The Cor-A-Vent folks suggested the S-400 installed behind the fascia trim, which looks like it can work – but at 1″ thick seems like overkill for (2) reasons – one, that it provides a huge amount of inlet air relative to the ridge vent exhaust capacity (140 lin. ft. X 1″ thk. and 10″ NFVA), and two – something lower profile would make the aesthetics more tolerable to myself, and the owner. Rough calcs show I could balance the system with a 1/4″ opening all the way around the perimeter – but of course, there is no soffit / fascia vent product that thin.

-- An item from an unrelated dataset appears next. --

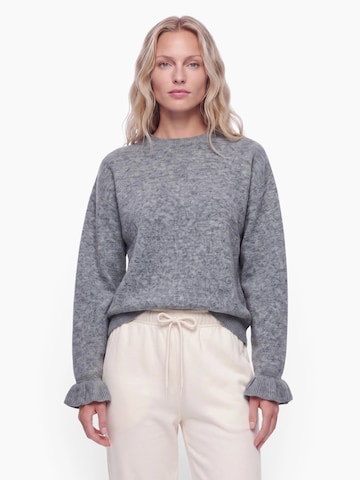 PIECES Pullover 'PCSALLY' in Grau: Vorderseite
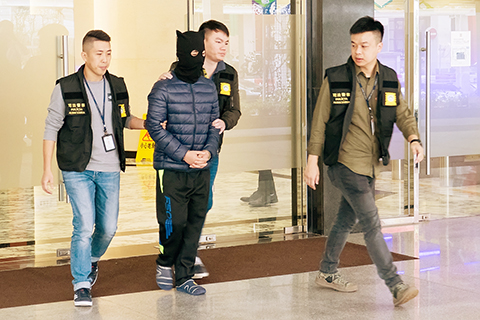 <b>多次向女事主追求被拒 竟藉機登門施暴 </b>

My instinct is to find a suitable material to use here, at 1/4″ or 3/8″ thick – to provide rain / bug screening. I know there are a number of rainscreen products for under roofing and behind siding applications, but would it be crazy to apply that sort of product here?
My next, related question, or “x-factor” here is venting all those cavities formed by a hip roof design, between all the jack rafters, and between the hip ridges and the main slope that ends at this short ridge. Structurally I see it’s no problem to simply drill a 1 1/2″ diameter hole at the tops of the jack rafters and hip ridge beams to connect up a plenum of sorts – making a passage all the way to the 10′-0″ ridge vent area. Now I know that is not the most fun one can have with a right angle drill in an attic on a hot day – but seems like the best way to truly vent this whole assembly. Hip Ridge Vents were strongly discouraged for a number of reasons – both structural and wind related.

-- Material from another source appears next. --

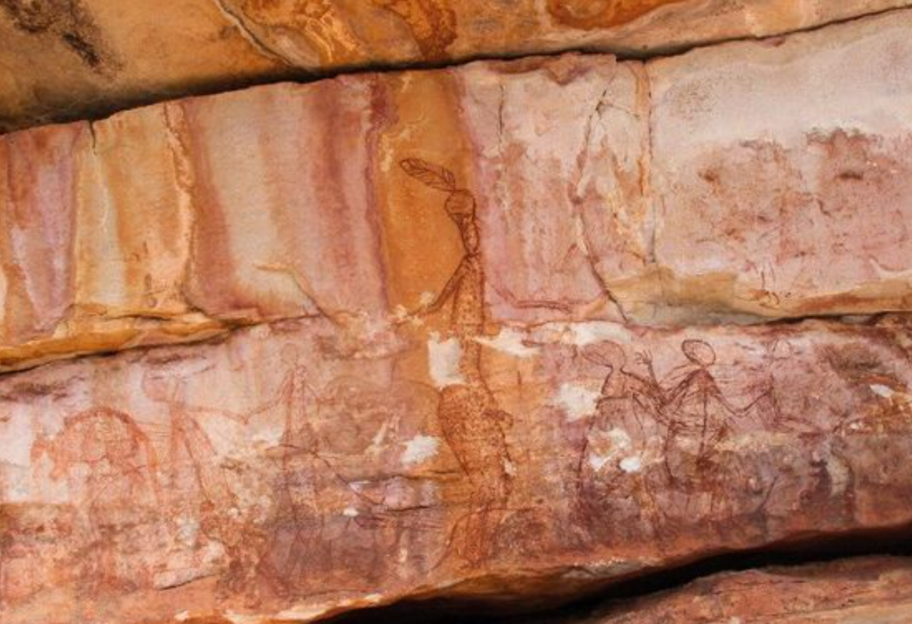 В Австралии археологи нашли сотни необычных наскальных рисунков - фото - фото 1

The existing roof is a recently done, quality asphalt shingle job on new 1/2″ plywood deck (over the old 1X) and yes, we’ll be replacing the gutters, drip edge, trim, and flashing(s) as required – so it’s a fairly substantial job – just not the whole roof, if possible. When this is all done – the attic will then be finished out with 2″ rigid insulation boards tacked up 1 1/2″ below the roof deck – providing a channel for air movement to the ridge, then batt insulation, vapor barrier, and finish ceiling.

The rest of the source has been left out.